Handling application errors

This package provides the grpc_server.ApplicationError interface that can be implemented by your application errors. This interface requires you to implement the GRPCStatus() method, that converts the error to a google.golang.org/grpc/status.Status object, and the Trailer() method that returns the trailing metadata that must be returned to the caller.

Once you have defined your application errors, call the grpc_server.NewErrorInterceptor() to initialize the interceptor, and add it to your gRPC server.

Initializing this interceptor adds the grpc_request_application_error_count_total prometheus metric to the gRPC server, which counts application errors.

Validating requests

If you are using protoc-gen-validate on incoming requests, you can add the grpc_server.ValidationInterceptor to your gRPC server. This interceptor will validate incoming requests, and return an error if validation does not pass.

Collecting metrics

You can use the grpc_server.NewMetricsInterceptor function to create an interceptor that collects metrics on requests you received using prometheus. Initializing this interceptor will register the following metrics:

  • grpc_request_time_ms tracks time taken by all requests
  • grpc_request_count_total tracks the number of requests received
  • grpc_request_error_count_total tracks the number of requests that failed for any reason

The function that creates the interceptor takes in input a list of endpoints that will be ignored. This can be used if you don't want to track metrics on certain endpoints, e.g. for the health check endpoint.

Unhandled errors

The grpc_server.StatusInterceptor adds the internal status code to responses if the service returned an error and it was not handled by other interceptors.
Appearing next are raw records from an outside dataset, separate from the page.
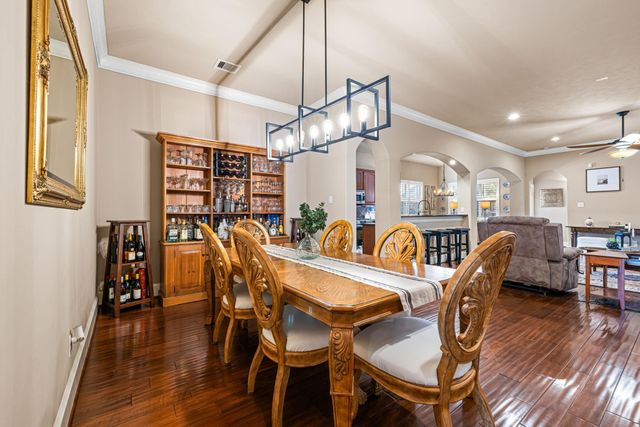 1610 Du Barry Lane, Houston, TX 77018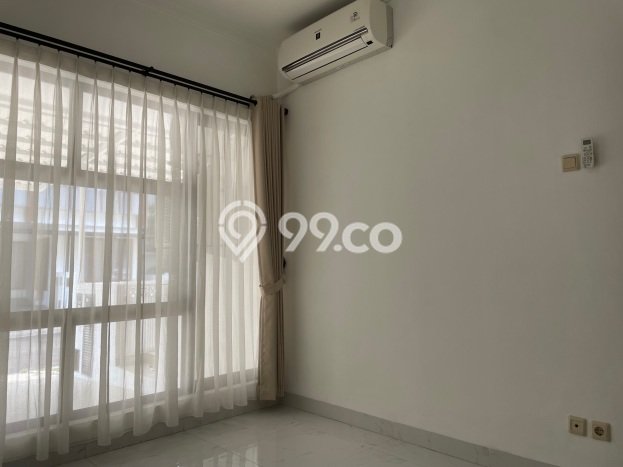 PROPERTI UNGGULAN! Rumah area Sektor 9-Bintaro, 3 KT, Lingkungan Elite, LT 90m² Bangunan 110m² PROPERTI UNGGULAN! Rumah area Sektor 9-Bintaro, 3 KT, Lingkungan Elite, LT 90m² Bangunan 110m²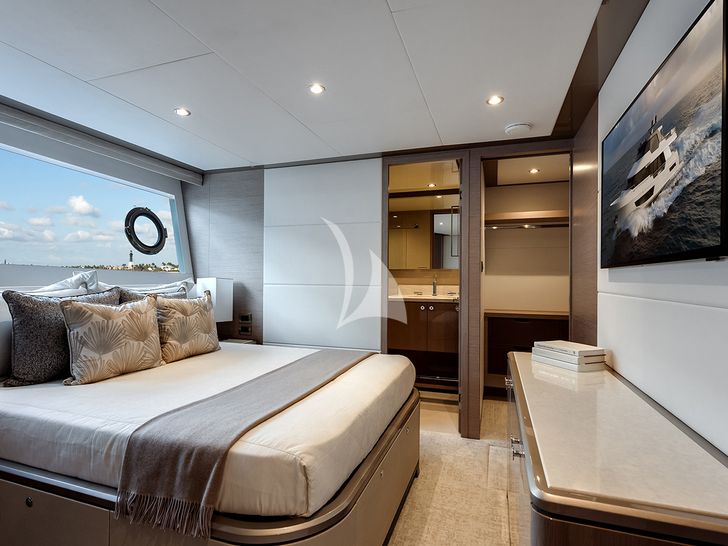 50 FIFTY Ocean Alexander 32L - VIP cabin 1 50 FIFTY Ocean Alexander 32L - VIP cabin 1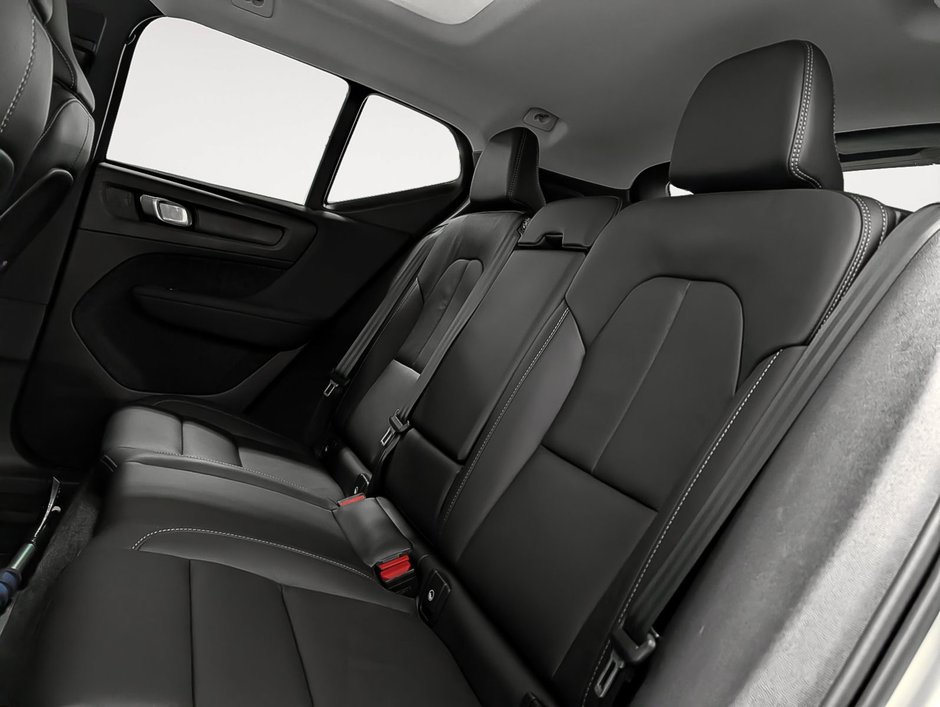 Volvo XC40 B5 AWD Plus Dark Theme 2025-11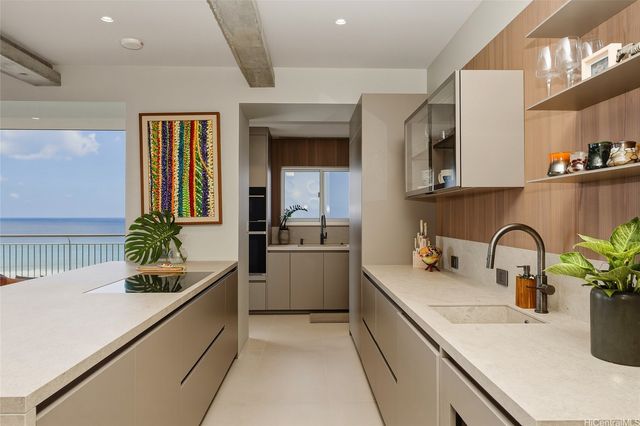 2969 Kalakaua Avenue 1201, Honolulu, HI 96815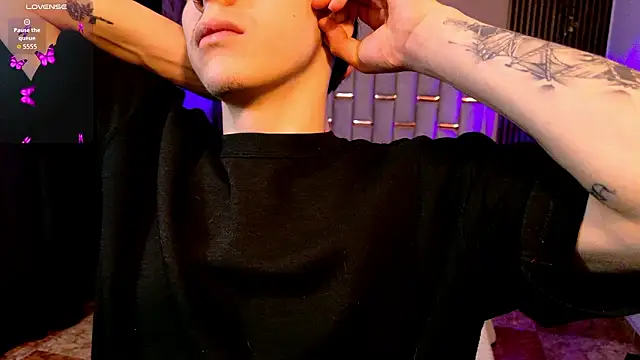 Snapshot of James_Adams_01 chatting on March 18, 2026, 2:30 pm James Adams 01 online show from March 18, 2026, 2:30 pm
This should be your first interceptor.

Custom interceptors

You can implement custom interceptors that use your custom application logic.

This interceptor extracts user info from the request metadata, and stores them in the request context:

import (
	"context"

	"google.golang.org/grpc"
	"google.golang.org/grpc/metadata"
)

func SecurityInterceptor(
	ctx context.Context,
	req interface{},
	info *grpc.UnaryServerInfo,
	handler grpc.UnaryHandler,
) (resp interface{}, err error) {
	md, hasMetadata := metadata.FromIncomingContext(ctx)

	if hasMetadata {
		ctx = AddUserToContext(ctx, md)
	}

	return handler(ctx, req)
}

This is what a Sentry interceptor would look like, that sends non-application errors to Sentry and tracks user info:

import (
	"context"

	"github.com/moveaxlab/go-grpc-server"
	"github.com/getsentry/sentry-go"
	"google.golang.org/grpc"
)

func SentryInterceptor(
	ctx context.Context,
	req interface{},
	info *grpc.UnaryServerInfo,
	handler grpc.UnaryHandler,
) (resp interface{}, err error) {
	resp, err = handler(ctx, req)

	// skip reporting application errors to sentry
	if err == nil || grpc_server.IsApplicationError(err) {
		return resp, nil
	}

	sentry.WithScope(func(scope *sentry.Scope) {
		// your custom logic to retrieve the user from the context
		if user, hasUser := GetUser(ctx); hasUser {
			scope.SetUser(sentry.User{
				ID: user.Id(),
			})
		}

		scope.SetExtras(map[string]interface{}{
			"endpoint": info.FullMethod,
			"request":  req,
		})

		sentry.CaptureException(err)
	})

	return nil, err
}

This interceptor should be registered after the SecurityInterceptor example given above.